Las posturas se radicalizaron conforme el 24 de junio se aproximaba. Los comités se fragmentaron en subgrupos y la marcha derivó en una batalla cultural cuyo objetivo sexual quedó relegada frente al tiroteo entre activistas de calumnias, disparos al aire con balas digitales cargadas de rencor adolescente, cinismo político, pornografía del sufrimiento individual que deja a su paso pedacería de deconstrucción. Dejando a los pactos y alianzas a favor del colectivo en un estado de tensión que puede reventar al menor pizzicato de imprudencia.
Se siente como un largo camino en círculo que llega al punto de partida de la primera marcha del orgullo lésbico gay que sucedió en el Distrito Federal, a finales de los setenta del siglo pasado. Sin automotores con bocinas mal ecualizadas ni estrafalarias banderas que evoquen la festividad de un carnaval. Con la necesidad de entender de que se trata el orgullo de ser puto en un país como el nuestro donde el machismo nos respira en el cuello a cada aliento. ¿Cuántas de las teorías que definen los nuevos significados de la disidencia sexual tienen origen o correspondencia con la realidad mexicana?

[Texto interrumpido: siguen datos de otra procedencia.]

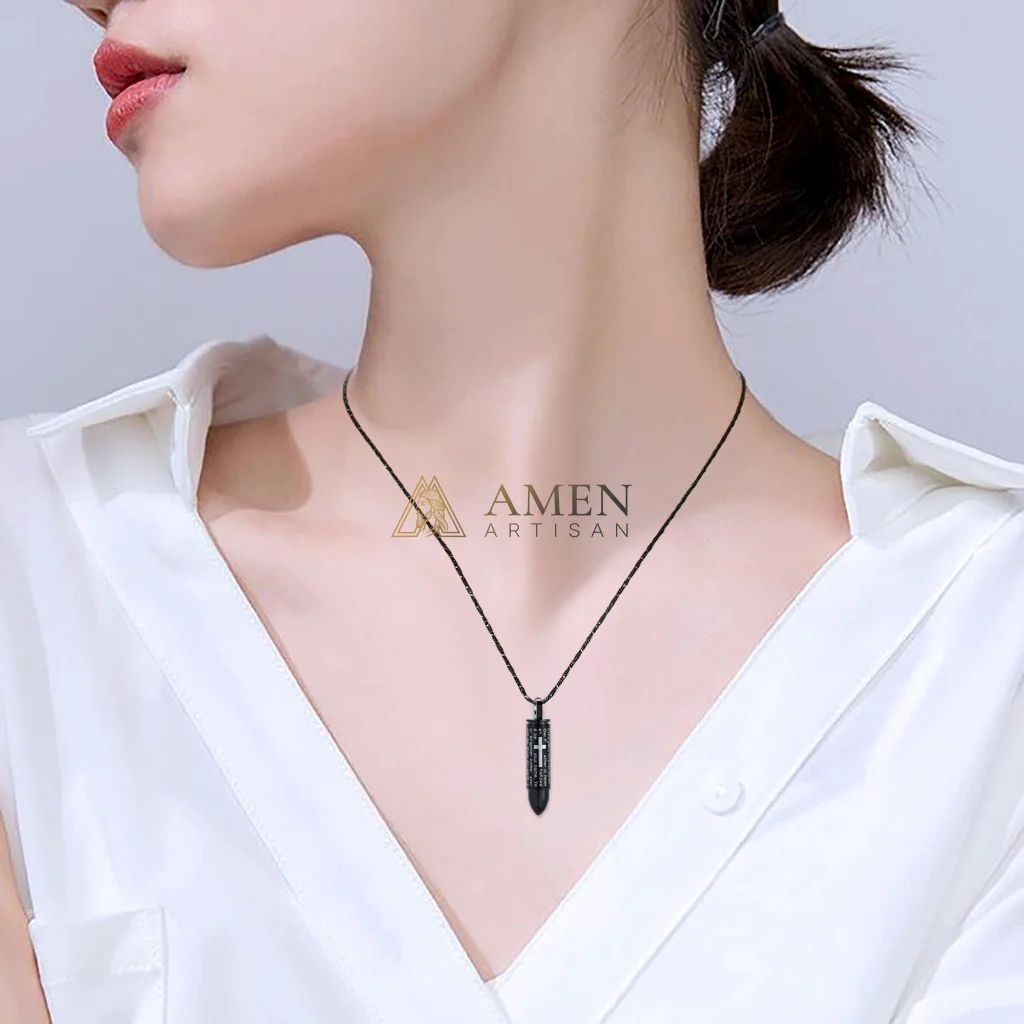 Cross Prayer Urn Pendant Necklace Amen Artisan - Image 3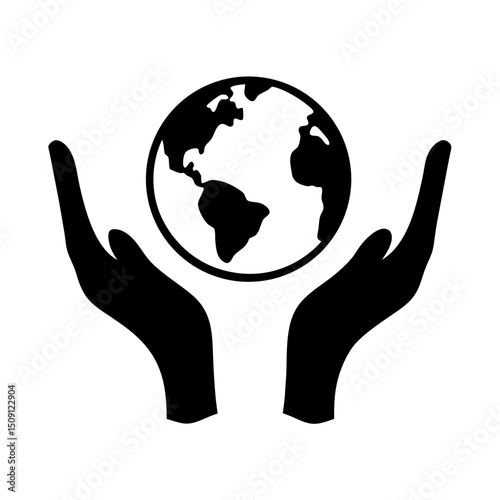 Hands holding the Earth, symbolizing care, protection, and environmental responsibility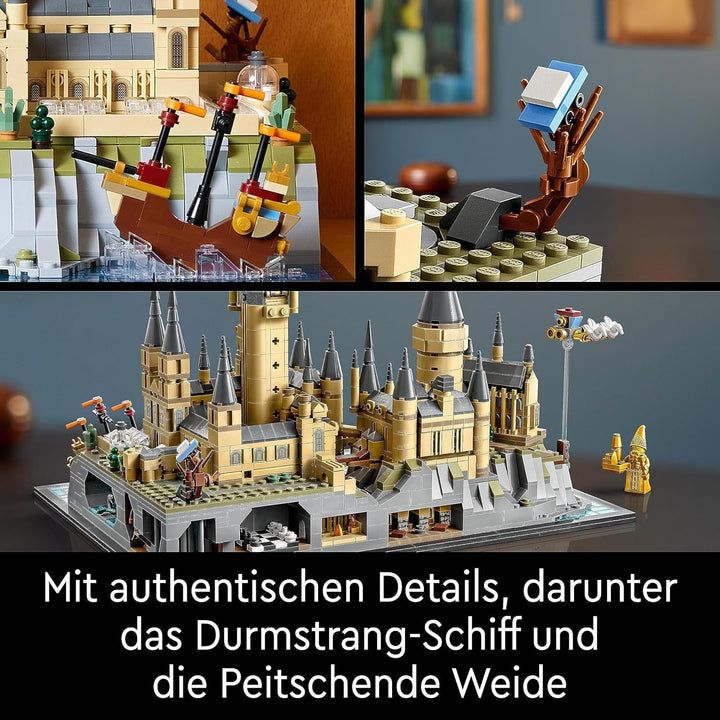 Castelul Hogwarts LEGO Harry Potter cu aripi de castel - set de colecție pentru adulți, inclusiv turnul principal și turnul astronomic, camera secretelor și minifigurina arhitectului - cadou pentru femei - 76419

Y no solo en el replanteamiento de los debates LGBTI+. Daniel Bisogno plagiando las mismas paranoias respecto al VIH que se decían en los primeros años de su aparición allá a principios de los ochenta; panistas enajenados con la tiranía de la familia recrean una distopía donde los valores de antaño, con su hipocresía moral a blanco y negro, cobran nueva vida gracias al futurismo de los dispositivos móviles y la realidad alterada de las redes sociales. Como en esa canción, inevitablemente gringa, “Search and destroy” de 1973, donde Iggy Pop se da cuenta que no hay escapatoria a la rigidez social heterosexualmente reproductiva: “Porque estoy usando tecnología y no pienso pedir disculpas, porque soy el chico olvidado del mundo, el que está buscando, buscando destruir…”, canta en una rabia jadeante y cansada rindiéndose al placer del sexo callejero.
Mark Fisher tenía razón: el futuro se ha agotado y con él la paz homosexual.